◆ What you need to do ◆
Repeat the entries below exactly. Begin with the first line and end with the line that contains "激光防护镜眼罩美容仪墨镜532nm护目镜打标机雕刻机切割1064nm B款 - 百叶窗蓝色镜片+眼镜盒".

*** Supplied records ***

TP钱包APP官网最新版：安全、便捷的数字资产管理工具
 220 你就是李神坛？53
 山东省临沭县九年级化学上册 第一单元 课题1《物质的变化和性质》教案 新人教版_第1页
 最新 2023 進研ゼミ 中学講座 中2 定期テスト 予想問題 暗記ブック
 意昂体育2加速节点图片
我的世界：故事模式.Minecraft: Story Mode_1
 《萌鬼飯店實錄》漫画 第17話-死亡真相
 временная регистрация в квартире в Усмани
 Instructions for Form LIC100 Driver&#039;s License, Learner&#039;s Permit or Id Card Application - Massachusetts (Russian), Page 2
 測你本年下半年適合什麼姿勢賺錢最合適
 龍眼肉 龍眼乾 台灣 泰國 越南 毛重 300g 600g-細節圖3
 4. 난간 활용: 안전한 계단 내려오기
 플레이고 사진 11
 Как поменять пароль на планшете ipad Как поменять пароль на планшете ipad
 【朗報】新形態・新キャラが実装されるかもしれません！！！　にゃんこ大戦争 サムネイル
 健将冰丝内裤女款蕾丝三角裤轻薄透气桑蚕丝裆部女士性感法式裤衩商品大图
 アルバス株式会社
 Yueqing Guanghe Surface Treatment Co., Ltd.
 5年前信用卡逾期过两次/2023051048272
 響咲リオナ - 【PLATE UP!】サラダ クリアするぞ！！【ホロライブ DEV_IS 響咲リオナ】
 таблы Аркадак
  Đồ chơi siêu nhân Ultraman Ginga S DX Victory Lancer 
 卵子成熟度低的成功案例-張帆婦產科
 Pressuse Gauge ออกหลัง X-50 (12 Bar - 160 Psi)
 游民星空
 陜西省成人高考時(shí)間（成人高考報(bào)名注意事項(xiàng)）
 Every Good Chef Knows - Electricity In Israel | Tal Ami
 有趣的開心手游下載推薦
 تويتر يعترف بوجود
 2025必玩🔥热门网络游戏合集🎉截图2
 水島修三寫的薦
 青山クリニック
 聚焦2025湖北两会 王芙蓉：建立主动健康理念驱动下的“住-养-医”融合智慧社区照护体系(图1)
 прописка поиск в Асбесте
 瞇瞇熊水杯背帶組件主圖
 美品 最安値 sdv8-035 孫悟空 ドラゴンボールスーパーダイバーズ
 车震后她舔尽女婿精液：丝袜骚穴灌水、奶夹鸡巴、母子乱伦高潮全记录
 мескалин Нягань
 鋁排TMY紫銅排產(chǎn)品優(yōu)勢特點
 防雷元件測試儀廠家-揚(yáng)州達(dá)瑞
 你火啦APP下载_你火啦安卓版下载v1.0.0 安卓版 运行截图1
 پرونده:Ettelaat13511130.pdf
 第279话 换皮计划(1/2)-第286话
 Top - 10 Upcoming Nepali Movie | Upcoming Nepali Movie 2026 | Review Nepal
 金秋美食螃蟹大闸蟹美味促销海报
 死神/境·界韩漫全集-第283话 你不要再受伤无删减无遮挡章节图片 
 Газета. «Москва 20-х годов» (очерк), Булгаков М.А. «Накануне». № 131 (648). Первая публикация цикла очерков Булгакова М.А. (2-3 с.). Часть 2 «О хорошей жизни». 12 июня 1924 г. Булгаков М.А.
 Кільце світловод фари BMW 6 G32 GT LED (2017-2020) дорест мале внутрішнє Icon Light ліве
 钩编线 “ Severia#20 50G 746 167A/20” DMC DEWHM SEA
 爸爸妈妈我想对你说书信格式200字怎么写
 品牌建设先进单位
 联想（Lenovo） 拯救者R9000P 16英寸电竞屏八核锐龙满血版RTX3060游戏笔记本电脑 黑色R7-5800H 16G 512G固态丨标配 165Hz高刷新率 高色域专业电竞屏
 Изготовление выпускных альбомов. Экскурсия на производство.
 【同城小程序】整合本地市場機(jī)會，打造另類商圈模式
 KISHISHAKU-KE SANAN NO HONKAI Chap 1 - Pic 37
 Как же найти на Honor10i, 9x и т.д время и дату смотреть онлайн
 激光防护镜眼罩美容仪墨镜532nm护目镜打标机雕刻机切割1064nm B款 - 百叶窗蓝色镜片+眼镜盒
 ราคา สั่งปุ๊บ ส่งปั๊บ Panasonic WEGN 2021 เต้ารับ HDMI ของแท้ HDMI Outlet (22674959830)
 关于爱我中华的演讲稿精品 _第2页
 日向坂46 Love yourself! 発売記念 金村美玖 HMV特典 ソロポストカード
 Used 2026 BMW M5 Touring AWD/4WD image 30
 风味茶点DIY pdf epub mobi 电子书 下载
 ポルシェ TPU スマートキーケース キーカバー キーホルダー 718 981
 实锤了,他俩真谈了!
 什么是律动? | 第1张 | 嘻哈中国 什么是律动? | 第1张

*** End of Supplied records ***

◆ Task output ◆
TP钱包APP官网最新版：安全、便捷的数字资产管理工具
 220 你就是李神坛？53
 山东省临沭县九年级化学上册 第一单元 课题1《物质的变化和性质》教案 新人教版_第1页
 最新 2023 進研ゼミ 中学講座 中2 定期テスト 予想問題 暗記ブック
 意昂体育2加速节点图片
我的世界：故事模式.Minecraft: Story Mode_1
 《萌鬼飯店實錄》漫画 第17話-死亡真相
 временная регистрация в квартире в Усмани
 Instructions for Form LIC100 Driver&#039;s License, Learner&#039;s Permit or Id Card Application - Massachusetts (Russian), Page 2
 測你本年下半年適合什麼姿勢賺錢最合適
 龍眼肉 龍眼乾 台灣 泰國 越南 毛重 300g 600g-細節圖3
 4. 난간 활용: 안전한 계단 내려오기
 플레이고 사진 11
 Как поменять пароль на планшете ipad Как поменять пароль на планшете ipad
 【朗報】新形態・新キャラが実装されるかもしれません！！！　にゃんこ大戦争 サムネイル
 健将冰丝内裤女款蕾丝三角裤轻薄透气桑蚕丝裆部女士性感法式裤衩商品大图
 アルバス株式会社
 Yueqing Guanghe Surface Treatment Co., Ltd.
 5年前信用卡逾期过两次/2023051048272
 響咲リオナ - 【PLATE UP!】サラダ クリアするぞ！！【ホロライブ DEV_IS 響咲リオナ】
 таблы Аркадак
  Đồ chơi siêu nhân Ultraman Ginga S DX Victory Lancer 
 卵子成熟度低的成功案例-張帆婦產科
 Pressuse Gauge ออกหลัง X-50 (12 Bar - 160 Psi)
 游民星空
 陜西省成人高考時(shí)間（成人高考報(bào)名注意事項(xiàng)）
 Every Good Chef Knows - Electricity In Israel | Tal Ami
 有趣的開心手游下載推薦
 تويتر يعترف بوجود
 2025必玩🔥热门网络游戏合集🎉截图2
 水島修三寫的薦
 青山クリニック
 聚焦2025湖北两会 王芙蓉：建立主动健康理念驱动下的“住-养-医”融合智慧社区照护体系(图1)
 прописка поиск в Асбесте
 瞇瞇熊水杯背帶組件主圖
 美品 最安値 sdv8-035 孫悟空 ドラゴンボールスーパーダイバーズ
 车震后她舔尽女婿精液：丝袜骚穴灌水、奶夹鸡巴、母子乱伦高潮全记录
 мескалин Нягань
 鋁排TMY紫銅排產(chǎn)品優(yōu)勢特點
 防雷元件測試儀廠家-揚(yáng)州達(dá)瑞
 你火啦APP下载_你火啦安卓版下载v1.0.0 安卓版 运行截图1
 پرونده:Ettelaat13511130.pdf
 第279话 换皮计划(1/2)-第286话
 Top - 10 Upcoming Nepali Movie | Upcoming Nepali Movie 2026 | Review Nepal
 金秋美食螃蟹大闸蟹美味促销海报
 死神/境·界韩漫全集-第283话 你不要再受伤无删减无遮挡章节图片 
 Газета. «Москва 20-х годов» (очерк), Булгаков М.А. «Накануне». № 131 (648). Первая публикация цикла очерков Булгакова М.А. (2-3 с.). Часть 2 «О хорошей жизни». 12 июня 1924 г. Булгаков М.А.
 Кільце світловод фари BMW 6 G32 GT LED (2017-2020) дорест мале внутрішнє Icon Light ліве
 钩编线 “ Severia#20 50G 746 167A/20” DMC DEWHM SEA
 爸爸妈妈我想对你说书信格式200字怎么写
 品牌建设先进单位
 联想（Lenovo） 拯救者R9000P 16英寸电竞屏八核锐龙满血版RTX3060游戏笔记本电脑 黑色R7-5800H 16G 512G固态丨标配 165Hz高刷新率 高色域专业电竞屏
 Изготовление выпускных альбомов. Экскурсия на производство.
 【同城小程序】整合本地市場機(jī)會，打造另類商圈模式
 KISHISHAKU-KE SANAN NO HONKAI Chap 1 - Pic 37
 Как же найти на Honor10i, 9x и т.д время и дату смотреть онлайн
 激光防护镜眼罩美容仪墨镜532nm护目镜打标机雕刻机切割1064nm B款 - 百叶窗蓝色镜片+眼镜盒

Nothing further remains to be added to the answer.